OUTPUT: a function that can be evaluated on rational points of $E$

EXAMPLES:

sage: e = EllipticCurve('130a1')
sage: eq = e.tate_curve(5)
sage: h = eq.padic_height(prec=10)
sage: P = e.gens()[0]
sage: h(P)
2*5^-1 + 1 + 2*5 + 2*5^2 + 3*5^3 + 3*5^6 + 5^7 + O(5^9)

Check that it is a quadratic function:

sage: h(3*P)-3^2*h(P)
O(5^9)

padic_regulator(prec=20)

Compute the canonical $p$-adic regulator on the extended Mordell-Weil group as in [MTT1986] (with the correction of [Wer1998] and sign convention in [SW2013].)

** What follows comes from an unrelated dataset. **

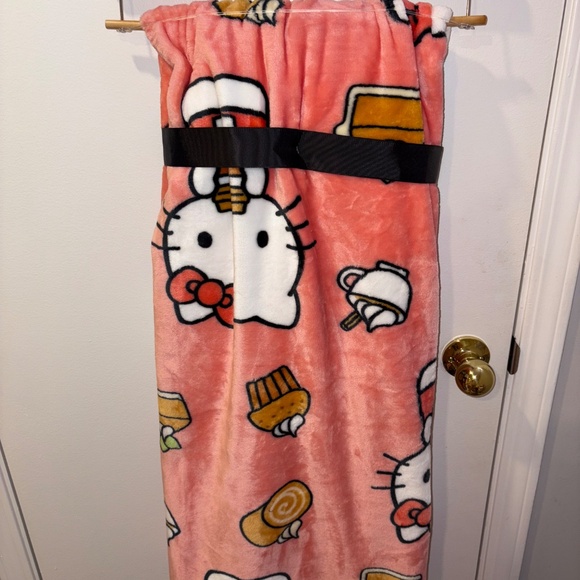 Hello Kitty Pumpkin Spice Throw Blanket - Picture 3 of 3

The $p$-adic Birch and Swinnerton-Dyer conjecture predicts that this value appears in the formula for the leading term of the $p$-adic $L$-function.

INPUT:

• prec – the $p$-adic precision (default: 20)

EXAMPLES:

sage: eq = EllipticCurve('130a1').tate_curve(5)
sage: eq.padic_regulator()
2*5^-1 + 1 + 2*5 + 2*5^2 + 3*5^3 + 3*5^6 + 5^7 + 3*5^9 + 3*5^10 + 3*5^12 + 4*5^13 + 3*5^15 + 2*5^16 + 3*5^18 + 4*5^19 +  4*5^20 + 3*5^21 + 4*5^22 + O(5^23)

parameter(prec=20)

Return the Tate parameter $q$ such that the curve is isomorphic over the algebraic closure of ${\mathbf{Q}}_p$ to the curve ${\mathbf{Q}}_p^{\times }/q^{\mathbf{Z}}$.

INPUT:

• prec – the $p$-adic precision (default: 20)

EXAMPLES:

sage: eq = EllipticCurve('130a1').tate_curve(5)
sage: eq.parameter(prec=5)
3*5^3 + 3*5^4 + 2*5^5 + 2*5^6 + 3*5^7 + O(5^8)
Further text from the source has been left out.